August 2, 2013
WEBSTER CAPITAL FINANCE, INC., f/k/a CENTER CAPITAL CORPORATION, Plaintiff,
DANIEL NEWBY, et. al., Defendant.
MEMORANDUM AND ORDER
ERIC F. MELGREN UNITED STATES DISTRICT JUDGE
In this action, Plaintiff Webster Capital Finance, Inc. f/k/a Center Capital Corporation (“Webster Capital”) seeks to enforce personal loan guaranties against Defendants Daniel Newby and Thomacine Newby. This case comes before the Court on Plaintiff’s Motion for Summary Judgment (Doc. 48). For the reasons stated below, the Court grants Webster Capital’s motion.
I. Factual and Procedural Background
Webster Capital is a Connecticut corporation that provides financing to various business ventures. Defendants Daniel Newby and Thomacine Newby are residents of Kansas City, Missouri, who operate Ottawa Bus Service, Inc. (“Ottawa Bus”), a Kansas corporation. On February 19, 2002, Webster Capital and Ottawa Bus entered into Master Loan and Security Agreement No. 31505 (the “Master Loan Agreement”), which provided the terms under which Webster Capital would extend credit and financing to Ottawa Bus. Section 6 of the Master Loan Agreement provides nine disjunctive paragraphs describing various events of default, including:
(i) The failure to pay any installment(s) due hereunder or under one or more of the Schedules on the due date therefor;
(ii) The breach of any term covenant, warranty or representation contained in this Agreement which is required to be performed or observed by Borrower and which failure is nor cured to Lender’s reasonable satisfaction within the (10) days after the giving of notice by Lender to Borrower of such failure;
(iv) With respect to the Borrower, the Equipment or a substantial part of Borrower’s assets: . . . (B) a petition in Bankruptcy or under any similar law is filed.
This section also provides that “[u]pon the occurrence of an Event of Default, the Obligations under any or all Schedules may, at the option of Lender and without demand, notice, or legal process of any kind, be accelerated, and shall immediately become due and payable.”
To secure payment under the Master Loan Agreement and the various loan schedules, Defendants each executed a Continuing Guaranty on February 26, 2002 (the “Continuing Guaranties”). In these documents, Defendants personally guaranteed Ottawa Bus’s “prompt payment of all indebtedness, including, but not limited to, principal, accrued interest, costs, late charges, out of pocket expenses, and attorneys’ fees” due under the Master Loan Agreement or any related obligations. Defendants’ guaranties gave rise to “an absolute and unlimited guaranty of payment and performance, not a guaranty of collection, and Guarantor agrees to pay and/or reimburse [Webster Capital] for any attorney’s fees and out of pocket costs incurred in connection with the collection on or enforcement of this Guaranty.”

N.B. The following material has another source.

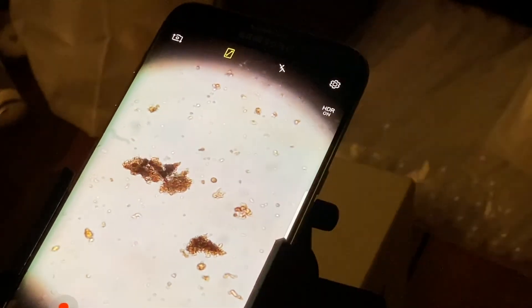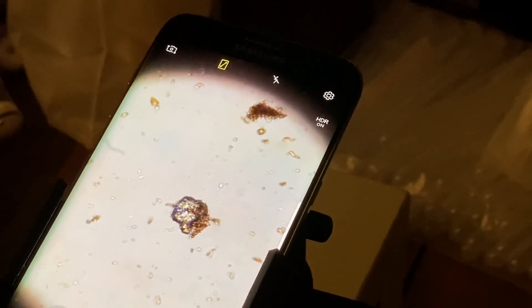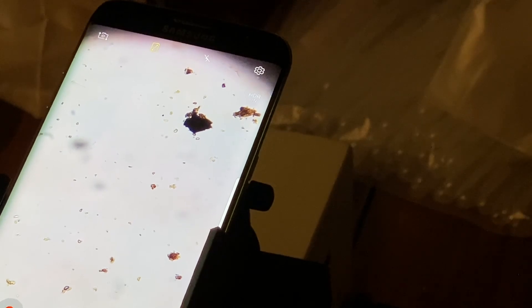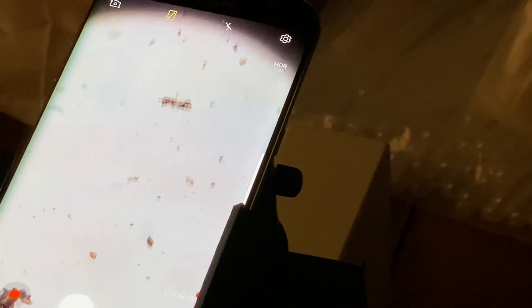Nice humic acid there. More humic acids. We've got some biochar with humic acids binding to it. You can see all the different colored specks and biology around that. That's cool — lots of life.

Pursuant to the Master Loan Agreement, Ottawa Bus entered into at least six loan schedules, whereby Webster Capital financed the purchase of equipment and took a purchase money security interest in the collateral. Each of these loan schedules required Ottawa Bus to pay the indebtedness in monthly installments. In July, August, and September of 2010, Ottawa Bus failed to pay monthly installments as required by the Master Loan Agreement and the loan schedules. On September 2, 2010, Webster Capital sent Defendants a Notice of Default, which provided:
The Borrowers and/or Guarantors are currently in default by reason of their failure to pay the monthly installments due July 1, 2010 through September 1, 2010 and accrued late fees as provided for in the Agreement. Accordingly, [Webster Capital] is accelerating the indebtedness pursuant to the terms of the Agreement. [Webster Capital] hereby demands payment of such accelerated balance, together with any and all applicable sales tax and late fees due from the Borrowers and/or Guarantors.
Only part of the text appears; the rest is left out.